Erikson’s Stages Of Psychosocial Development
Erikson’s theory of personality development proposes that the individual faces different psychosocial crises at different points throughout the life span. These are: trust vs. mistrust; autonomy vs. shame and doubt; initiative vs. guilt; industry vs. inferiority; identity vs. role confusion; intimacy vs. isolation; generativity vs. stagnation; and integrity vs. despair.
Fetal Alcohol Spectrum Disorder
Prenatal exposure to alcohol can cause fetal alcohol spectrum disorder (FASD) which encompasses a range of conditions that involve largely irreversible physical, behavioral, and/or cognitive abnormalities. Fetal alcohol syndrome (FAS) is the most severe form of FASD and is characterized by facial anomalies; retarded physical growth; heart, kidney, and liver defects; vision and hearing impairments; cognitive deficits; and behavioral problems. Alcohol-related neurodevelopmental disorder (ARND) is characterized by cognitive deficits and behavioral problems without prominent facial anomalies, retarded physical growth, or physical defects, while alcohol-related birth defects (ARBD) involves physical defects without other prominent symptoms.
Freud’s Stages of Psychosexual Development
Freud’s theory of personality development proposes that development involves five invariant stages (oral, anal, phallic, latency, and genital), in which the libido shifts from one area of the body to another.
Gay And Lesbian Parents
The research on gay and lesbian parenting suggests that the nature of the parent-child relationship is more important than a parent’s sexual orientation.
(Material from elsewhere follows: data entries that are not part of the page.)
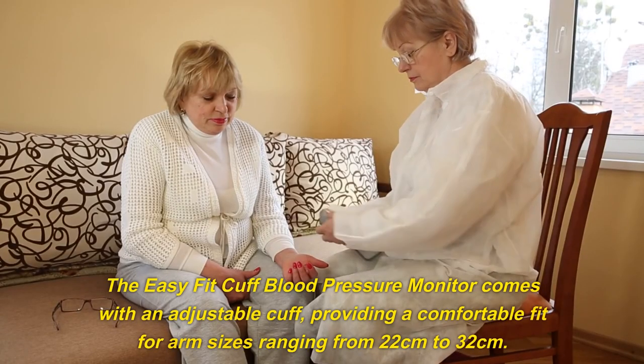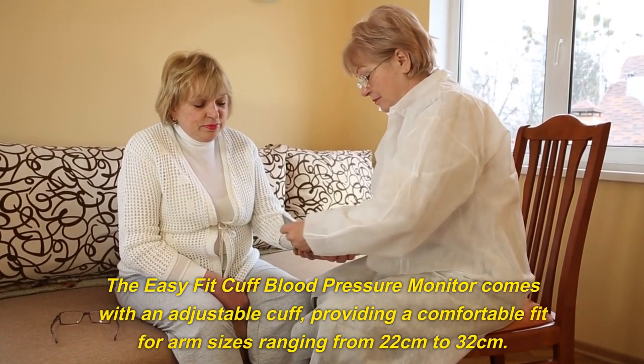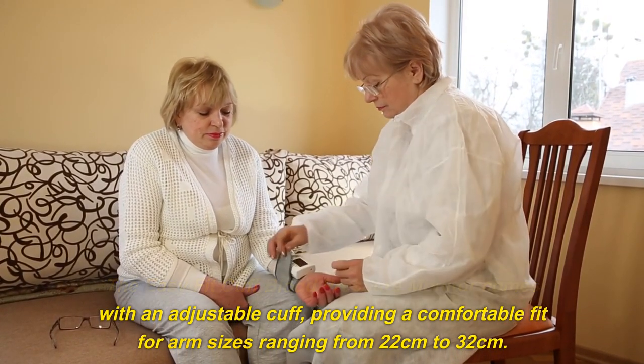The Easy Fit Cuff Blood Pressure Monitor comes with an adjustable cuff, providing a comfortable fit for arm sizes ranging from 22 cm to 32 cm.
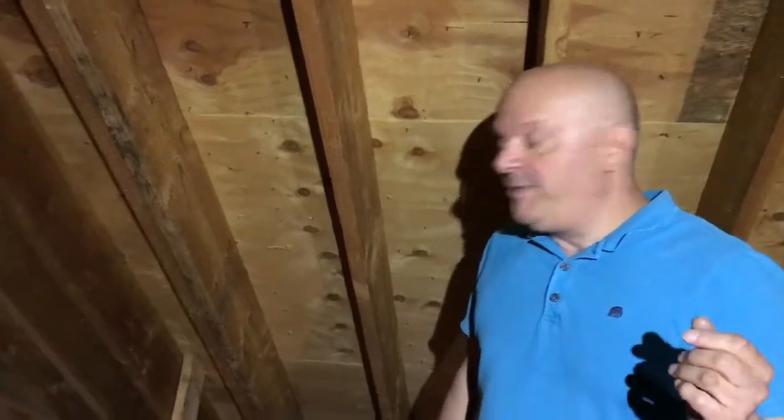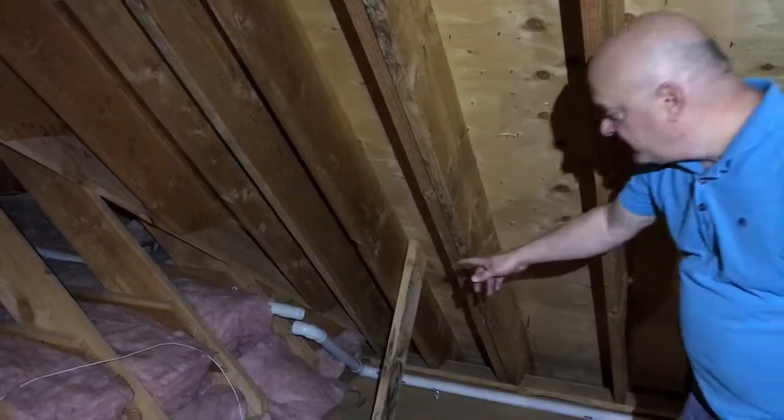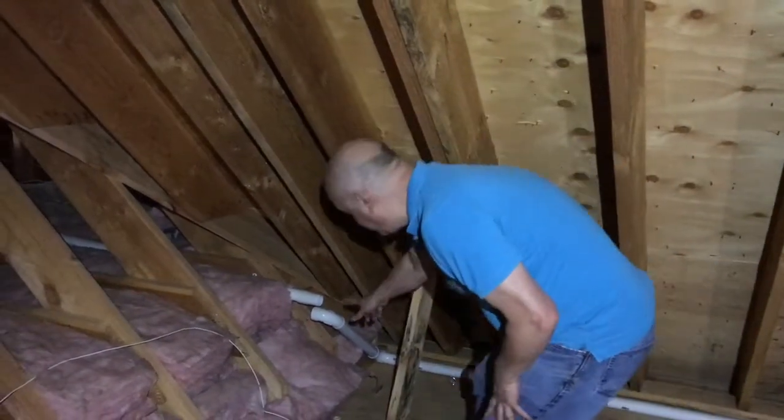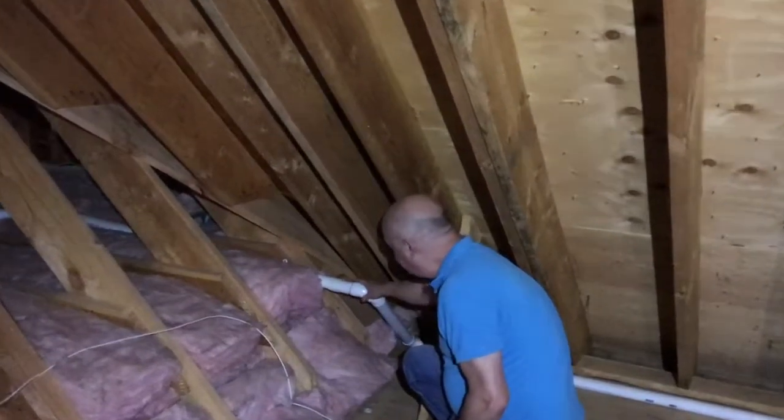We're on a service call here in South Salem, New York. We had very little suction power, so we knew we had an air leak. As I opened up the attic door, I could hear the air hissing. Right over here, we've got a pipe completely disconnected from the elbow.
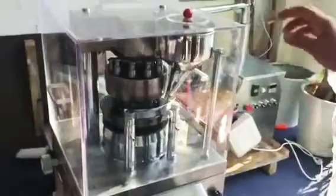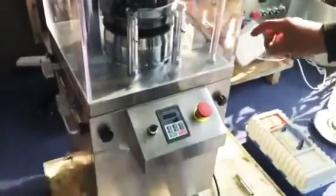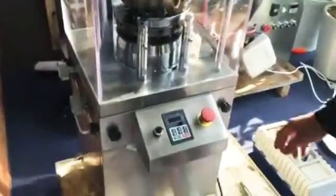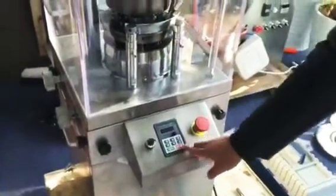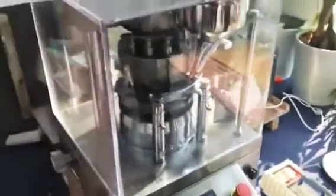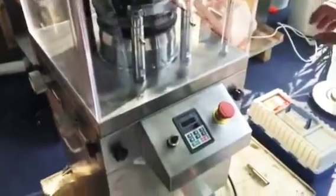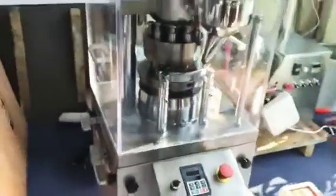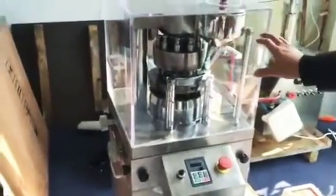If you want to stop the machine, this button will stop. But sometimes this button is small — you won't cut the power immediately. Use this button, do like this way, and the machine will stop.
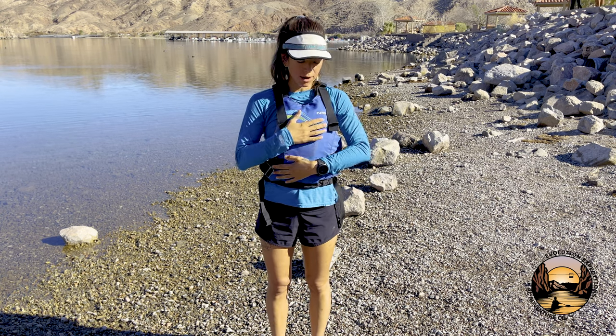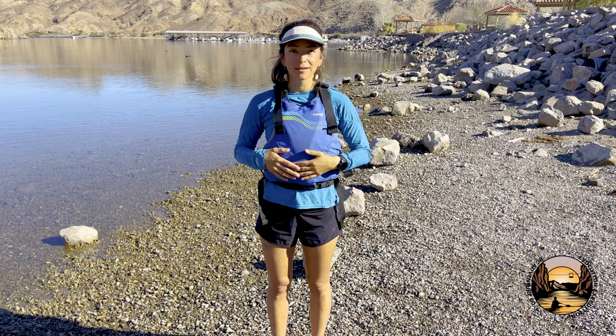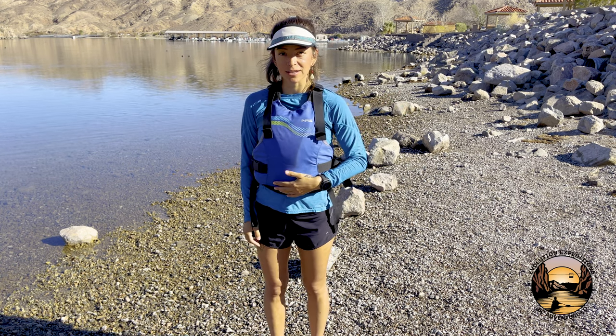The reason we wear these is they are federally required, and they also keep you afloat in the beautiful water here. Hope you have a good day. Thanks for coming out with Evolution Expeditions.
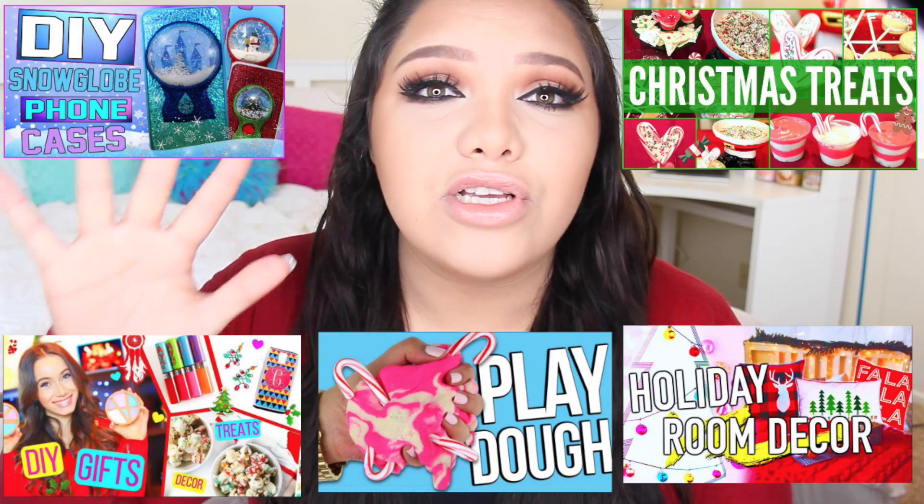Hey girl hey! Welcome back to my channel. Today I'm going to show you guys a few winter or holiday projects to try. These are more on the sensory play side or kind of like science projects in a way. This video is also a huge collaboration with 5 other girls here on YouTube.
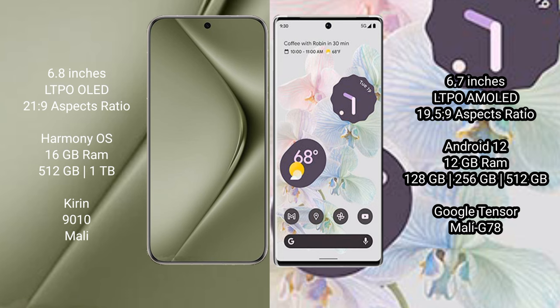The Huawei Pura 70 Ultra runs on the HarmonyOS operating system. The Google Pixel 6 Pro runs on Android 12.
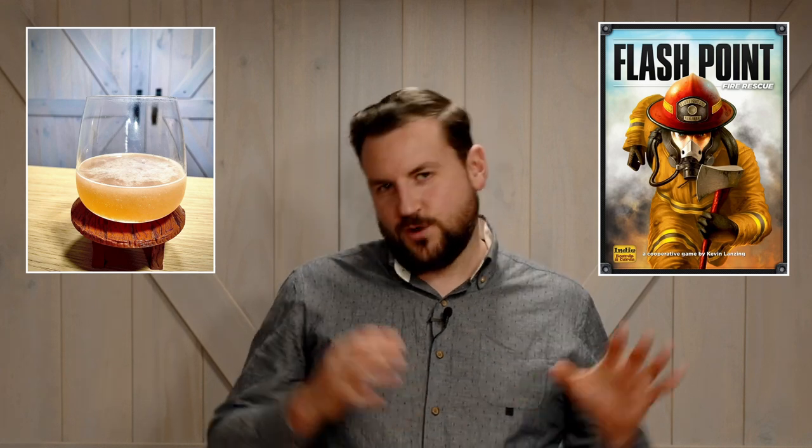Welcome to the Board Game Bar, where we make drinks that pair with the games on your table. In this video, we're going to be making the Smoking Gimlet, a drink made specifically to pair with Flashpoint. Flashpoint is a cooperative game where your firefighters are trying to overcome the powerful flames and smoke of a burning building, working together to save the people within. So let's jump into it.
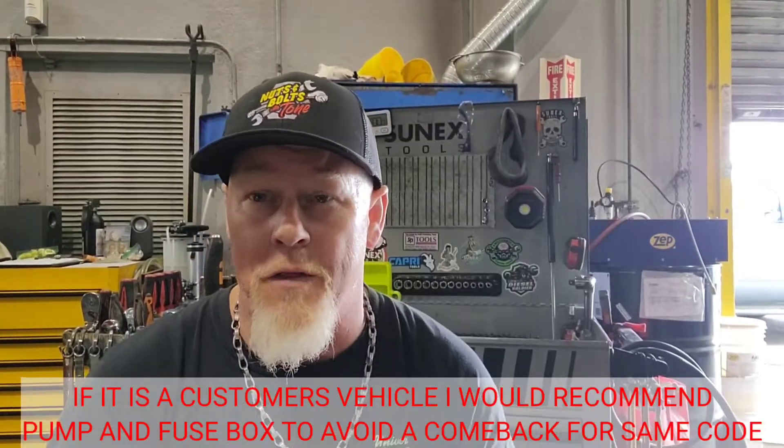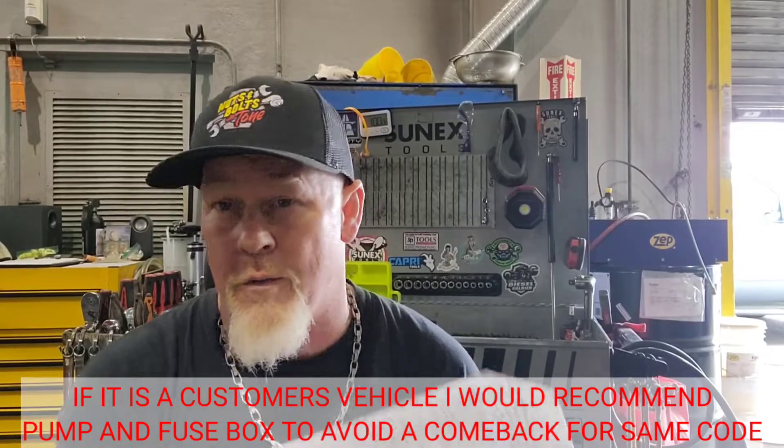Make sure you check this. If you get this code, do not replace the fuel pump until you're sure that you can't duplicate the problem. I've replaced lots of fuel pumps just for this code. I have only replaced one fuse box. But after doing a lot of research, I found out this is very, very common.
Overall, children of gay and lesbian parents are similar to children of heterosexual parents in terms of social relations, psychological adjustment, cognitive functioning, gender identity development, and sexual orientation.
Gender Identity (Kohlberg, Bem)
According to Kohlberg’s cognitive-developmental theory, the development of a gender identity involves a sequence of stages that parallels cognitive development: By age two or three, children acquire a gender identity; that is, they recognize that they are either male or female. Soon thereafter, they realize that gender identity is stable over time (gender stability). By age six or seven, children understand that gender is constant over situations and know that people cannot change gender by superficially altering their external appearance or behavior (gender constancy). Bem’s gender schema theory attributes the acquisition of a gender identity to a combination of social learning and cognitive development. According to Bem, children develop schemas of masculinity and femininity as the result of their sociocultural experiences. These schemas then organize how the individual perceives and thinks about the world.
Genotype Versus Phenotype
Genotype refers to a person’s genetic make-up; phenotype refers to observable characteristics, which are due to a combination of genetic and environmental factors.
Goodness-Of-Fit Model (Thomas And Chess)
According to Thomas and Chess’s goodness-of-fit model, behavioral and adjustment outcomes are best for children when parents’ caregiving behaviors match their child’s temperament.